Dr. Martin Luther King Jr, August 28 1963. |
AUGUST 29 2013 UPDATE:
Today in the States marks 50 years since one of history’s most famous speeches, Dr. Martin Luther King Jr’s I Have A Dream. Delivered on the steps of the Lincoln Memorial in Washington DC on August 28th 1963, the “I Have A Dream” refrain is repeated eight times in the middle of a speech which neither begins nor ends with the phrase. But the power of that ad-libbed repetition; of lines like, “I have a dream that one day on the red hills of Georgia, the sons of former slaves and the sons of former slave owners will be able to sit down at the table of brotherhood,” is such that much of the rest of the speech gets overlooked.
Spurred on gospel singer Mahalia Jackson who was heard saying, “Tell them about your dream Martin,” King abandons his script at around the 12 minute mark and for the final five minutes ad-libs his way into immortality. It’s only when you go back and watch the speech and see King’s eyes and body language that you realise the very verses that have made this speech what it is were unplanned.

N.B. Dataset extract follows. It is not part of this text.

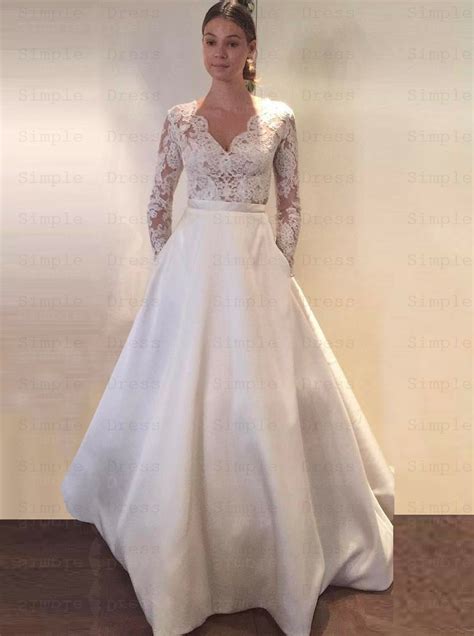 Long sleeve a line dress with pockets. A-Line Scalloped-Edge Long Sleeves Satin Wedding Dress ...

It also strikes me that King ends both I Have A Dream and the almost as famous Mountaintop speech (1968) with quotes from hymns. In I Have A Dream* it is, “free at last, free at last, thank God Almighty we are free at last,” while the latter ends with, “Mine eyes have seen the glory of the coming of the Lord.”**
The Mountaintop speech is almost as meaningful for many because it was delivered the night before King was assassinated and seemed to foreshadow that his would not be a long life. It still chills me. As for I Have A Dream, its unifying words drew from Lincoln, Gandhi and the Bible had the rhythm of music. Perhaps fittingly it was a white man with a black voice who took the message to the charts later that decade after King’s death. Here is the Elvis Presley song If I Can Dream to mark the 50th anniversary of Dr. King’s dream:
*Free At Last is (as described by Dr. King) an “old Negro spiritual.”
**”Mine eyes have seen the glory of the coming of the Lord,” is a line from the Julia Ward Howe hymn The Battle Of The Republic.